What to work on
Repeat what the lines below say, word for word, and skip every image.
____________
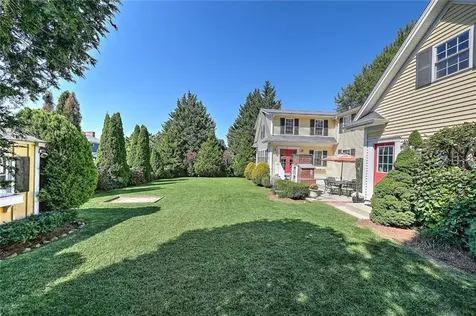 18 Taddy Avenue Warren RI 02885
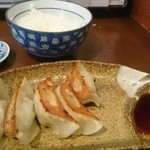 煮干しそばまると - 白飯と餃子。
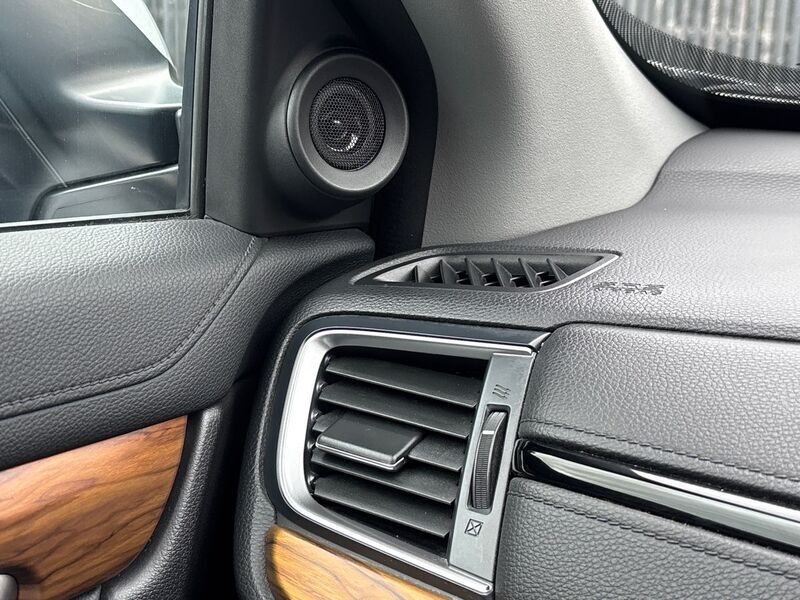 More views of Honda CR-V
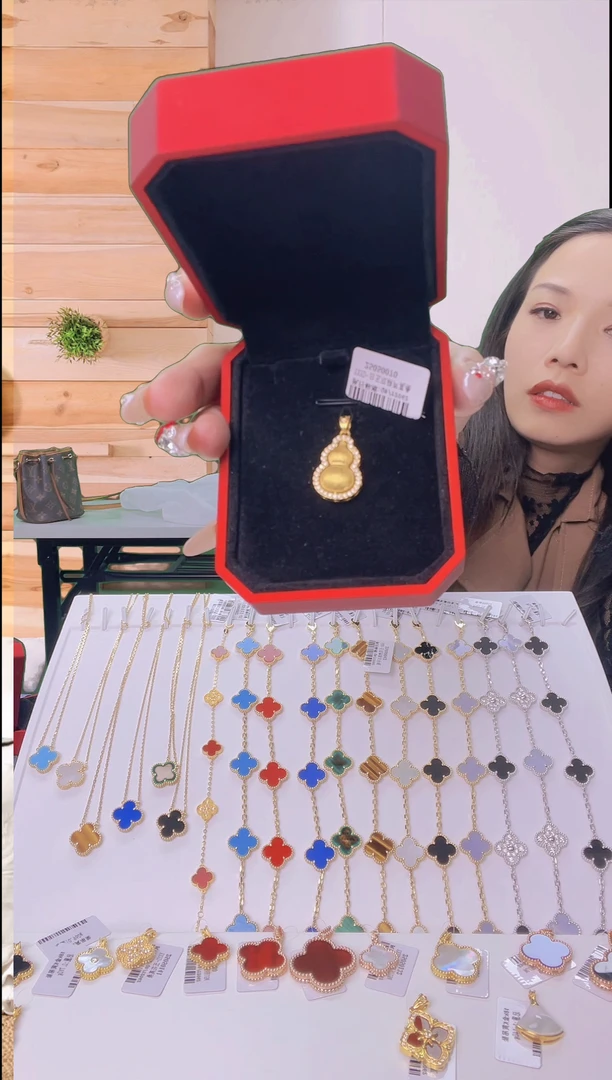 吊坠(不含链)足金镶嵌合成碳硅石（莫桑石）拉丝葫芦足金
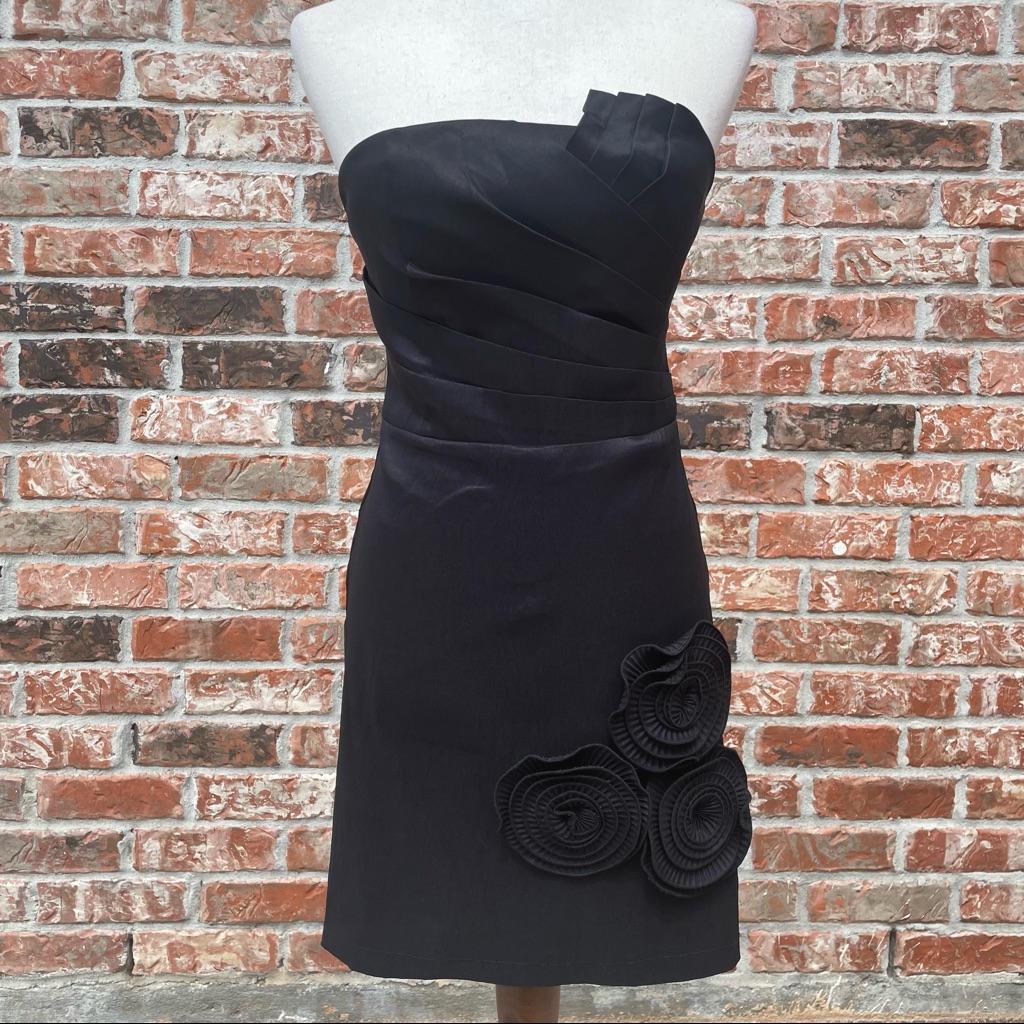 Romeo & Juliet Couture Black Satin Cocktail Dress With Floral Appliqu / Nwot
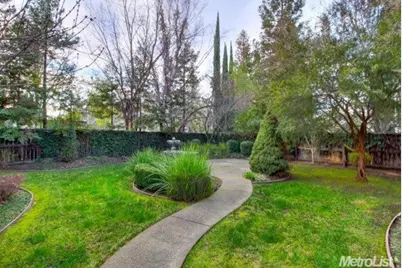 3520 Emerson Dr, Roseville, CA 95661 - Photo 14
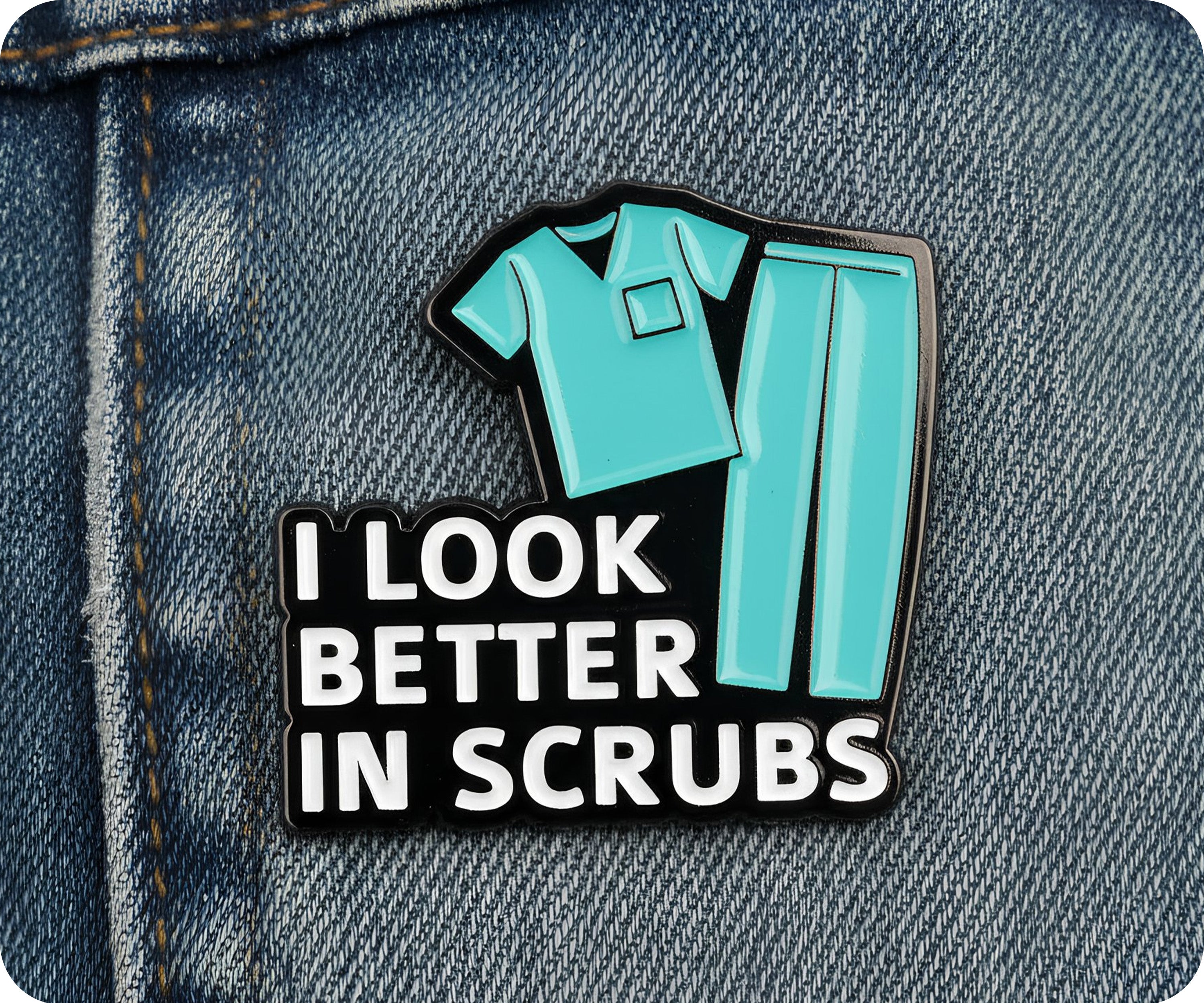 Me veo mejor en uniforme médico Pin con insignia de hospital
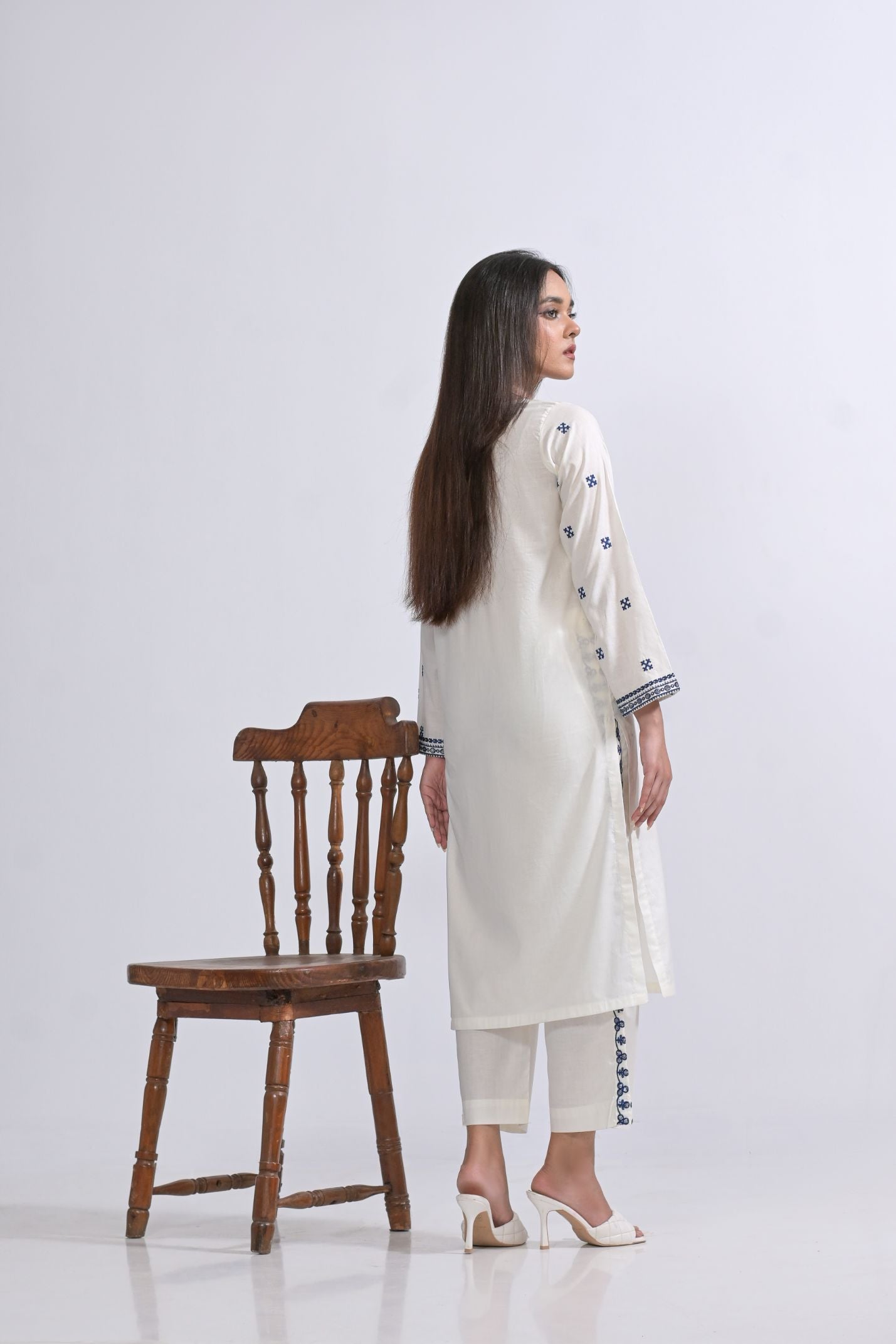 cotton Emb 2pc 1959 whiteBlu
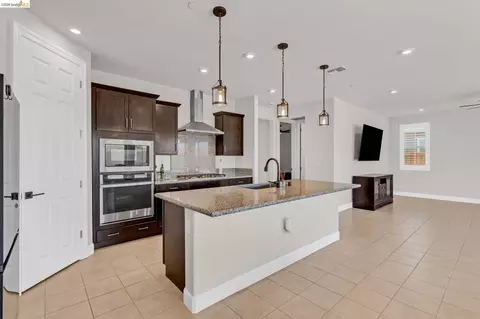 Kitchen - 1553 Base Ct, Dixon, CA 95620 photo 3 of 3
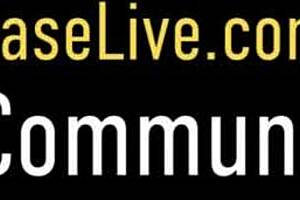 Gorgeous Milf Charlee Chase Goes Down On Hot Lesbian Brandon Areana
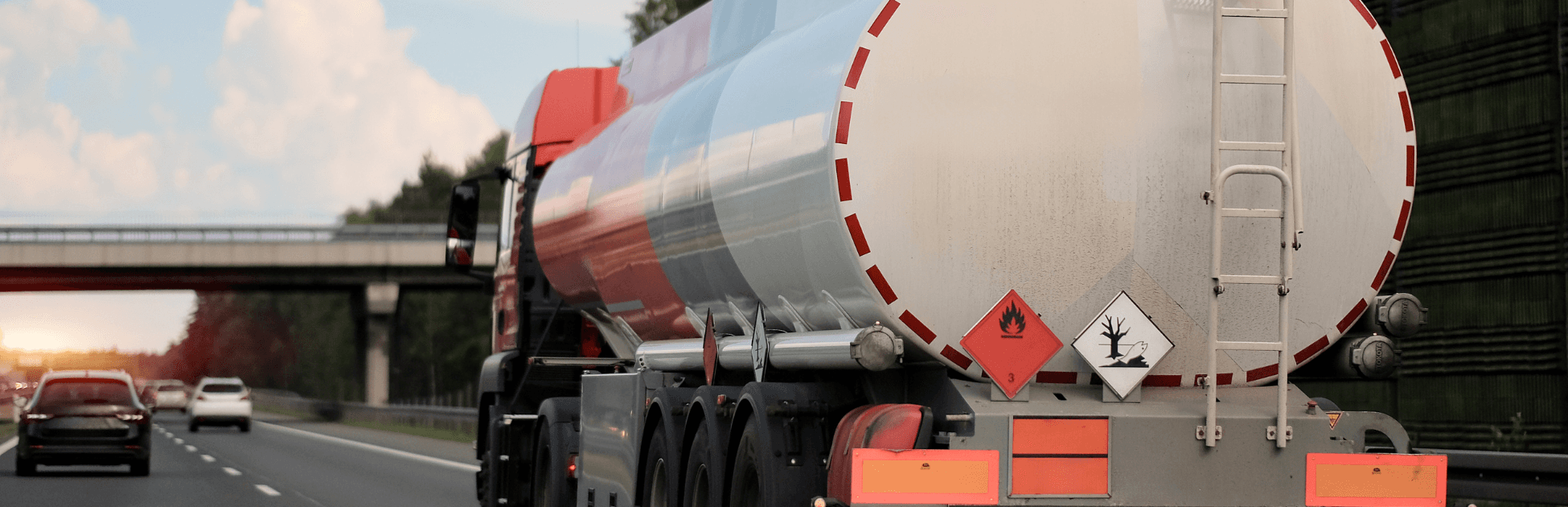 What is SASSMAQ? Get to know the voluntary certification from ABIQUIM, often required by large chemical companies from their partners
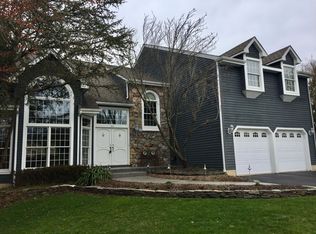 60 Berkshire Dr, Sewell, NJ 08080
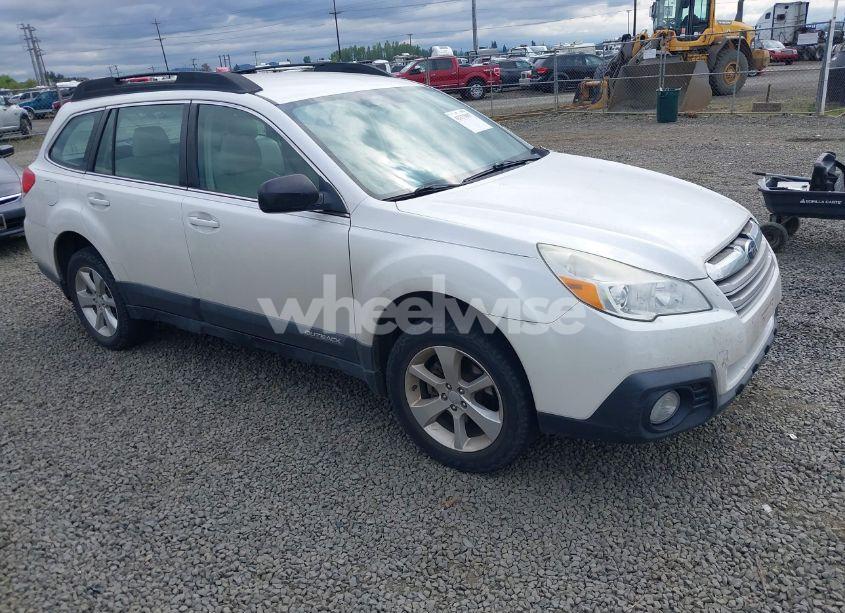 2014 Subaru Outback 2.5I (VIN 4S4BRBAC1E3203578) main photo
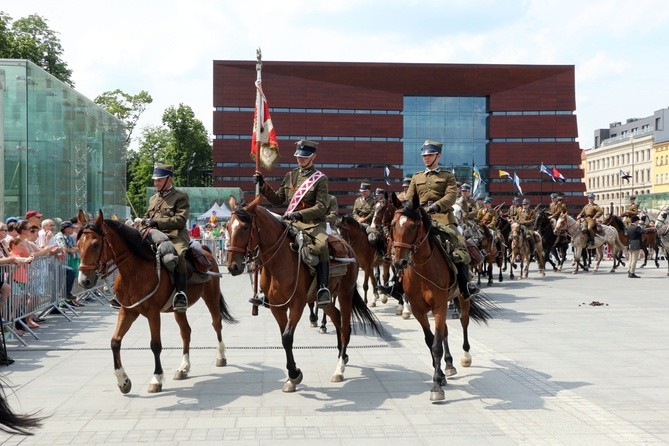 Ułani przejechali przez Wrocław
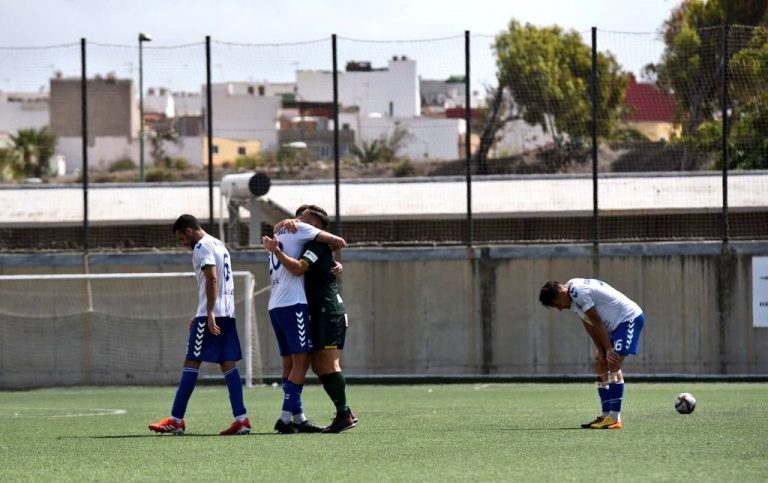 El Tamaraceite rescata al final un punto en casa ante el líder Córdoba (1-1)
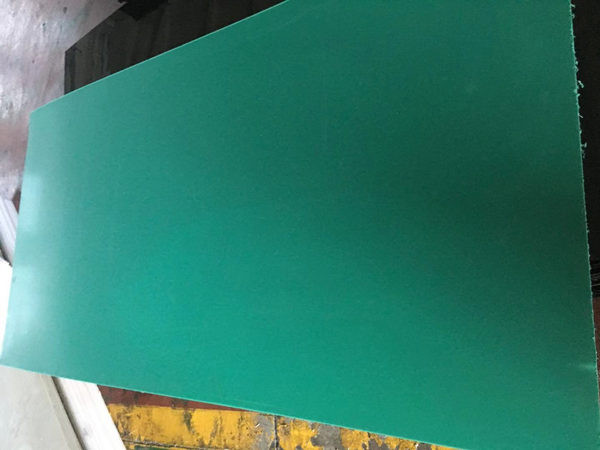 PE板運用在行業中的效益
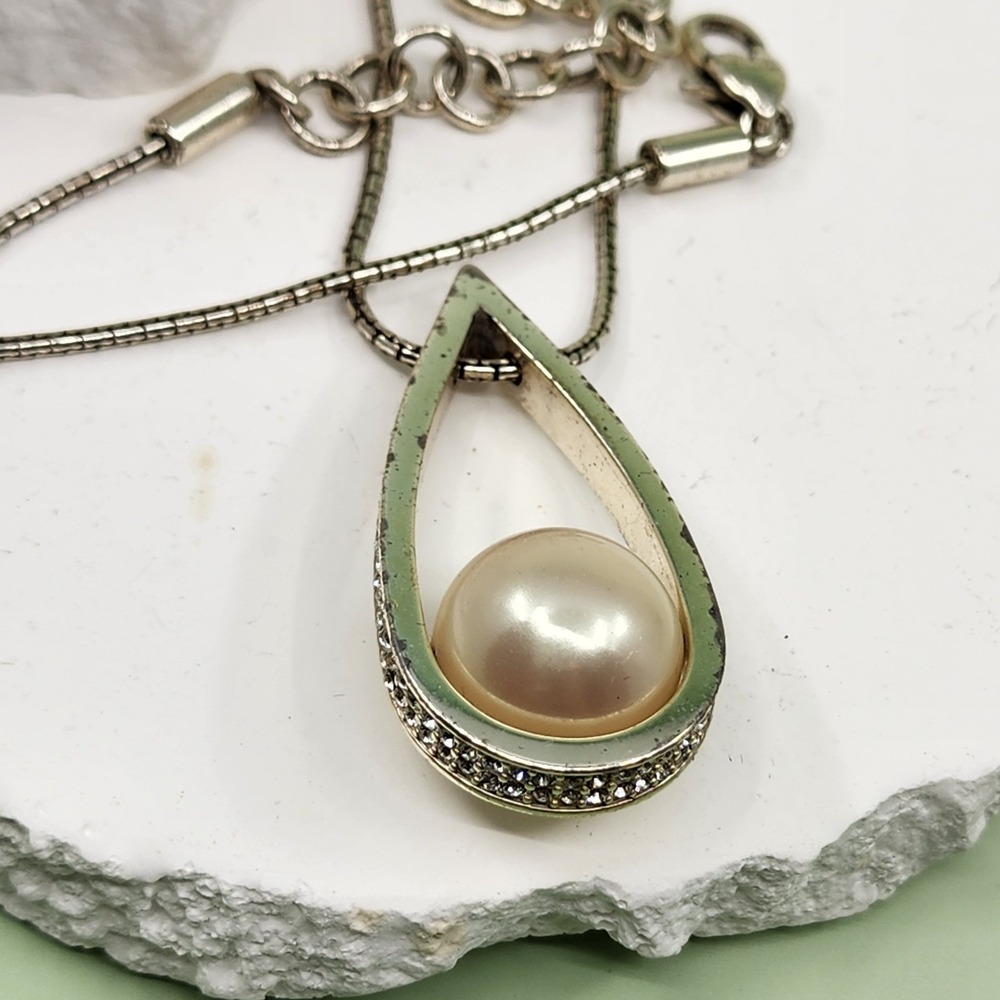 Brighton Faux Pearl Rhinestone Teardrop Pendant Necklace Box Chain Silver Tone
____________
Exercise result
 18 Taddy Avenue Warren RI 02885
 煮干しそばまると - 白飯と餃子。
 More views of Honda CR-V
 吊坠(不含链)足金镶嵌合成碳硅石（莫桑石）拉丝葫芦足金
 Romeo & Juliet Couture Black Satin Cocktail Dress With Floral Appliqu / Nwot
 3520 Emerson Dr, Roseville, CA 95661 - Photo 14
 Me veo mejor en uniforme médico Pin con insignia de hospital
 cotton Emb 2pc 1959 whiteBlu
 Kitchen - 1553 Base Ct, Dixon, CA 95620 photo 3 of 3
 Gorgeous Milf Charlee Chase Goes Down On Hot Lesbian Brandon Areana
 What is SASSMAQ? Get to know the voluntary certification from ABIQUIM, often required by large chemical companies from their partners
 60 Berkshire Dr, Sewell, NJ 08080
 2014 Subaru Outback 2.5I (VIN 4S4BRBAC1E3203578) main photo
 Ułani przejechali przez Wrocław
 El Tamaraceite rescata al final un punto en casa ante el líder Córdoba (1-1)
 PE板運用在行業中的效益
 Brighton Faux Pearl Rhinestone Teardrop Pendant Necklace Box Chain Silver Tone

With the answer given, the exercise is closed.